** BRIEF **
Output the listing word for word, minus images.

** RECORDS FOR THE EXERCISE **

::::::

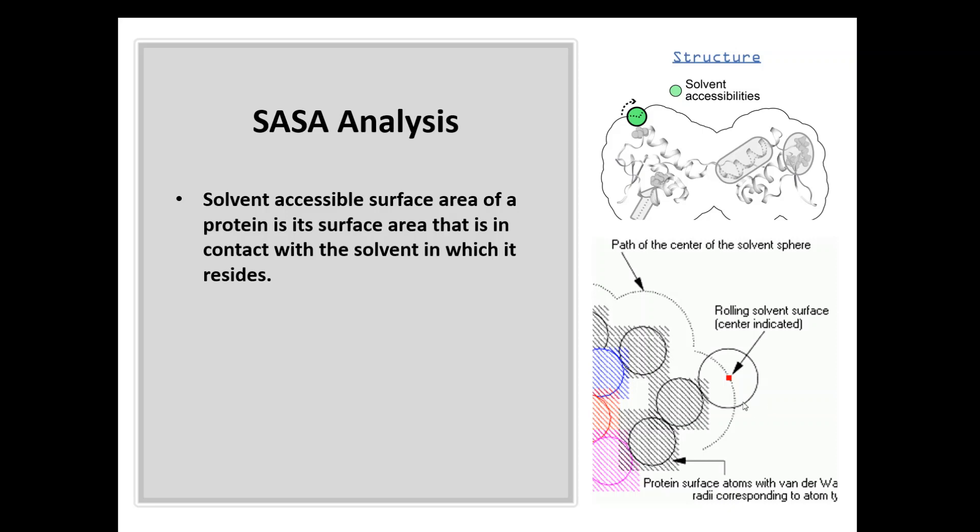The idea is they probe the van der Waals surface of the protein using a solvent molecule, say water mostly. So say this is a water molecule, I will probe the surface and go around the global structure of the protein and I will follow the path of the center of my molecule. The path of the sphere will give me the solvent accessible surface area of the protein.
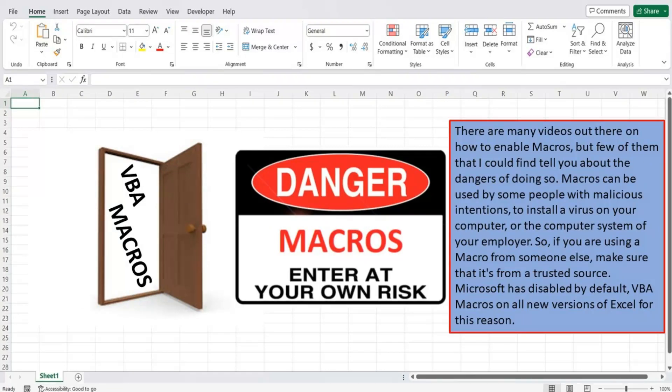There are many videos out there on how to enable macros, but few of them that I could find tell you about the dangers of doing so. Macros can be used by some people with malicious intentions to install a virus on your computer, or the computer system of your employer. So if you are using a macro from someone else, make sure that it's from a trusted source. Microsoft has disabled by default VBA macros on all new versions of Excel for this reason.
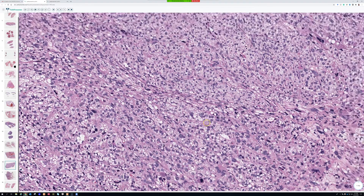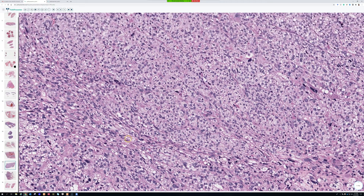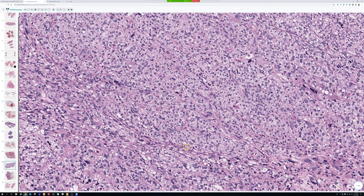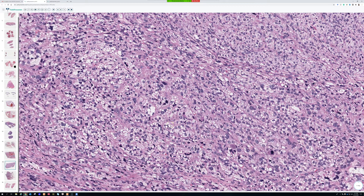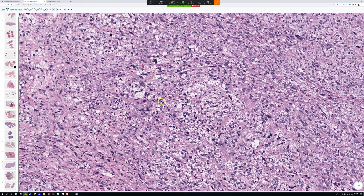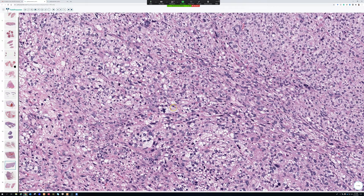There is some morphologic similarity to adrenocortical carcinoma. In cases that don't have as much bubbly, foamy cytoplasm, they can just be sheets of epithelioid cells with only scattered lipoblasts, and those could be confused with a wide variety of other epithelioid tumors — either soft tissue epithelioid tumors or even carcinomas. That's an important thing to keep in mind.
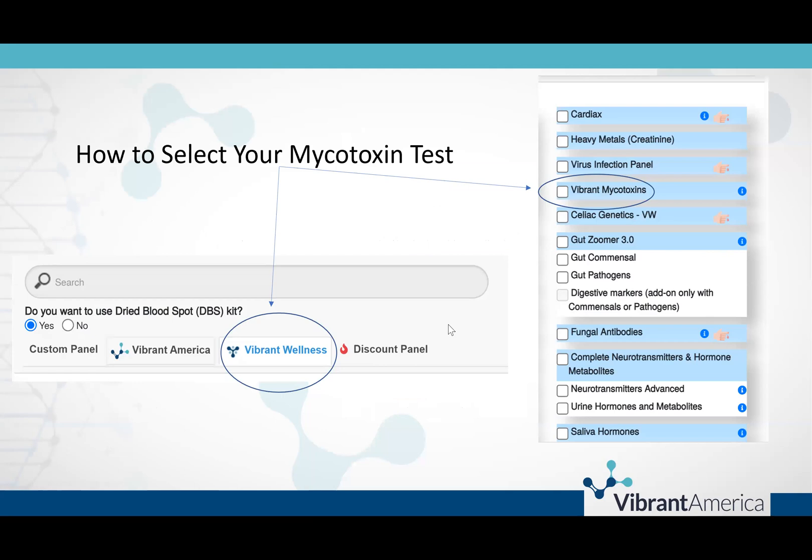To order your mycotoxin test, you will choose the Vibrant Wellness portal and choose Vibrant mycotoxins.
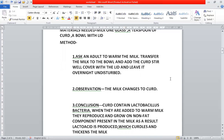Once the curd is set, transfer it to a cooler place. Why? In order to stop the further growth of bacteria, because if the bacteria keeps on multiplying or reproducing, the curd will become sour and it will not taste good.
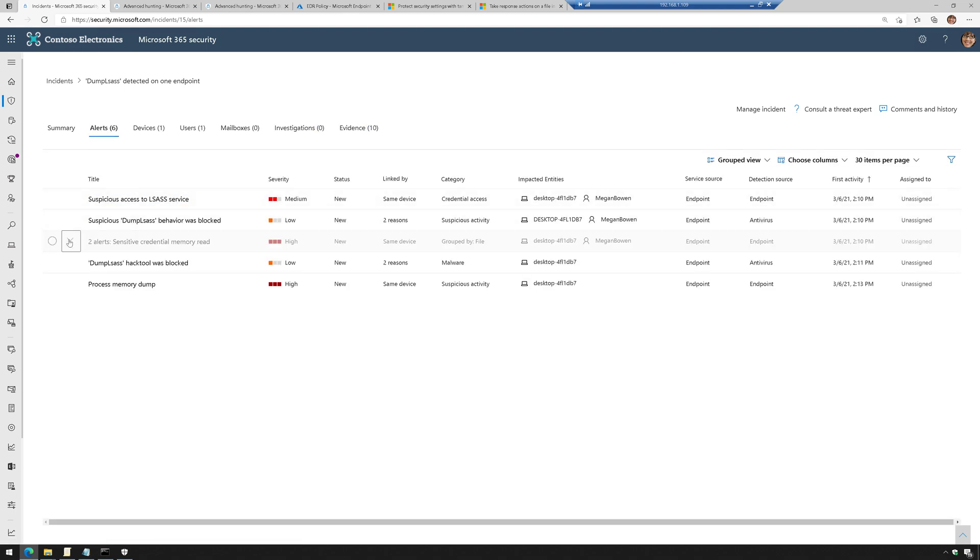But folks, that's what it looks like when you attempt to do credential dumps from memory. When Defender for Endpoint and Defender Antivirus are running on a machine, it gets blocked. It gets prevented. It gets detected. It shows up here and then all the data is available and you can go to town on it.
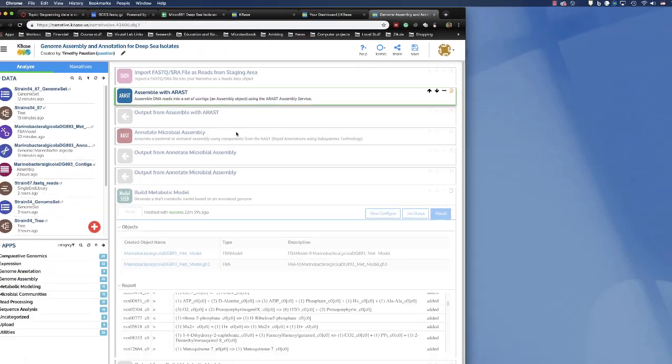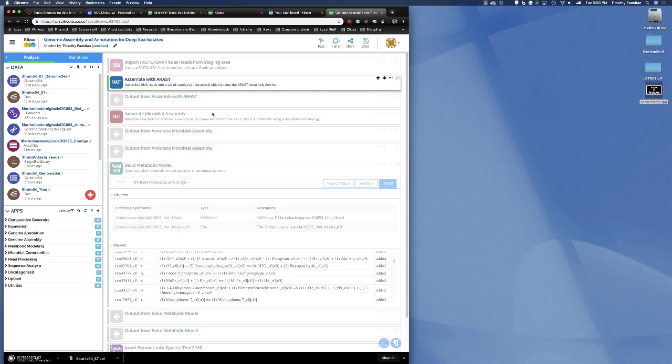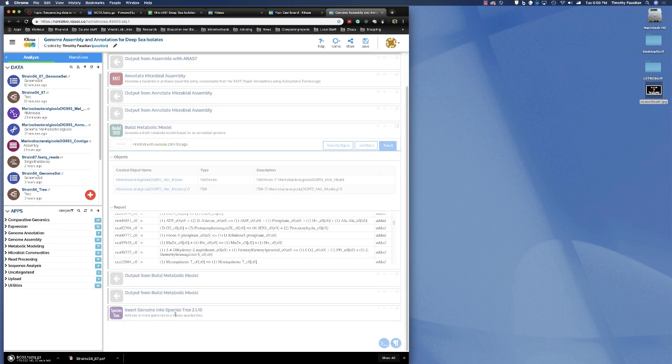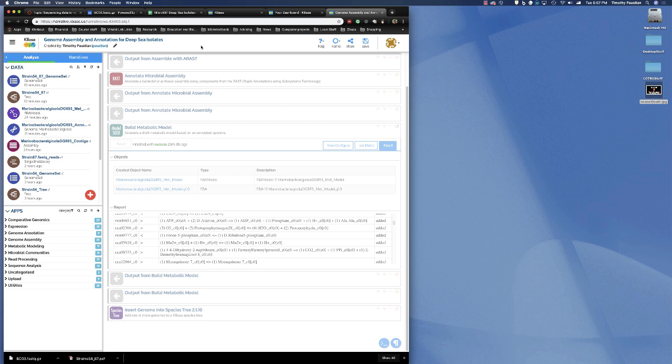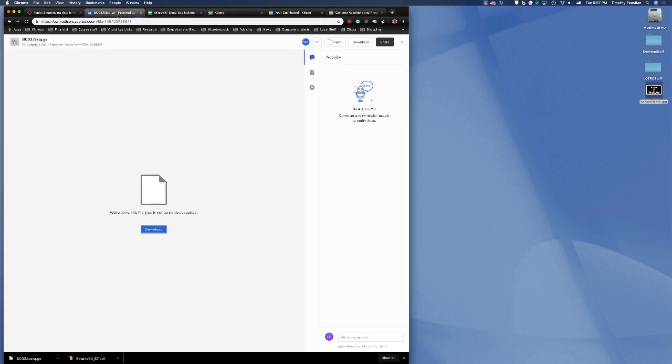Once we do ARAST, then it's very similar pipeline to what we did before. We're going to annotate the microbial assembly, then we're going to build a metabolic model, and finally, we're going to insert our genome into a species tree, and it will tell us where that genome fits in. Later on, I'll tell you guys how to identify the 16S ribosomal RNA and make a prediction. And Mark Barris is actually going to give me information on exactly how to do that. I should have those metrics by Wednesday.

::::::

** TASK RESPONSE **
The idea is they probe the van der Waals surface of the protein using a solvent molecule, say water mostly. So say this is a water molecule, I will probe the surface and go around the global structure of the protein and I will follow the path of the center of my molecule. The path of the sphere will give me the solvent accessible surface area of the protein.
There are many videos out there on how to enable macros, but few of them that I could find tell you about the dangers of doing so. Macros can be used by some people with malicious intentions to install a virus on your computer, or the computer system of your employer. So if you are using a macro from someone else, make sure that it's from a trusted source. Microsoft has disabled by default VBA macros on all new versions of Excel for this reason.
There is some morphologic similarity to adrenocortical carcinoma. In cases that don't have as much bubbly, foamy cytoplasm, they can just be sheets of epithelioid cells with only scattered lipoblasts, and those could be confused with a wide variety of other epithelioid tumors — either soft tissue epithelioid tumors or even carcinomas. That's an important thing to keep in mind.
To order your mycotoxin test, you will choose the Vibrant Wellness portal and choose Vibrant mycotoxins.
Once the curd is set, transfer it to a cooler place. Why? In order to stop the further growth of bacteria, because if the bacteria keeps on multiplying or reproducing, the curd will become sour and it will not taste good.
But folks, that's what it looks like when you attempt to do credential dumps from memory. When Defender for Endpoint and Defender Antivirus are running on a machine, it gets blocked. It gets prevented. It gets detected. It shows up here and then all the data is available and you can go to town on it.
Once we do ARAST, then it's very similar pipeline to what we did before. We're going to annotate the microbial assembly, then we're going to build a metabolic model, and finally, we're going to insert our genome into a species tree, and it will tell us where that genome fits in. Later on, I'll tell you guys how to identify the 16S ribosomal RNA and make a prediction. And Mark Barris is actually going to give me information on exactly how to do that. I should have those metrics by Wednesday.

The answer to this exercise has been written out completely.